What the framework does not claim

Intellectual honesty requires noting the limits of the smiling-as-attractiveness effect. The research does not show that smiling can substitute for every other physical or social factor in attractiveness ratings. As covered by a 2025 review at All About Psychology on the broader smile-attractiveness literature, static physical features — facial structure, body shape, height, age, grooming — still contribute substantially to first-impression attractiveness ratings, and the smile effect is best understood as a substantial modifier of these underlying factors rather than as a replacement for them. A smiling face is more attractive than the same face not smiling.

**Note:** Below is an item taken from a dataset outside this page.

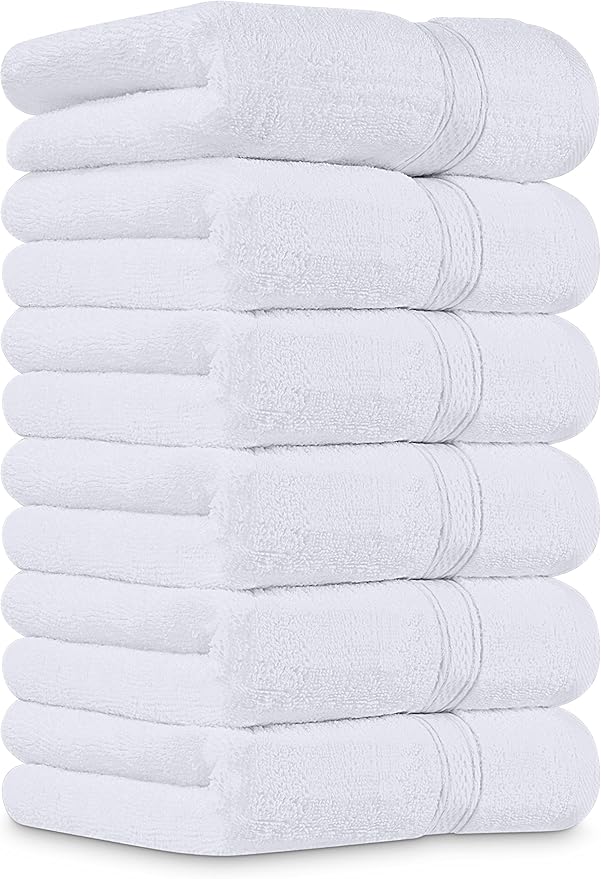 Utopia Towels 6 Pack Premium Hand Towels Set, 16 by 28 inches, 100% Ring Spun Cotton, Ultra Soft and Highly Absorbent 600GSM Towels for Bathroom, Gym, Shower, Hotel, and Spa, White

A smiling person is generally more approachable than a neutral one. Whether the smiling person is, in absolute terms, more attractive than a non-smiling person with substantially different underlying physical features is a question the research does not consistently answer.

What the research does support is a more specific and more practically useful claim. For any given person, in any given moment, the version of that person who appears to be genuinely enjoying themselves is going to be perceived as more attractive than the same person looking flat, distracted, or unhappy. The variable that each individual has the most direct control over, in the seconds before a first impression forms, is not their face or their body — those are mostly fixed at the moment of the encounter. The variable that is actually within their control is their expression, their visible emotional state, the degree to which they appear genuinely engaged with what is happening around them. The research consistently suggests that this variable, despite being the one most readily modifiable, is one of the larger factors that the observer’s brain weights when assigning the first-impression attractiveness rating. Looking like a person who is glad to be where they are turns out to be, by every available measure, a substantial part of what other people are responding to when they form their first impression of you.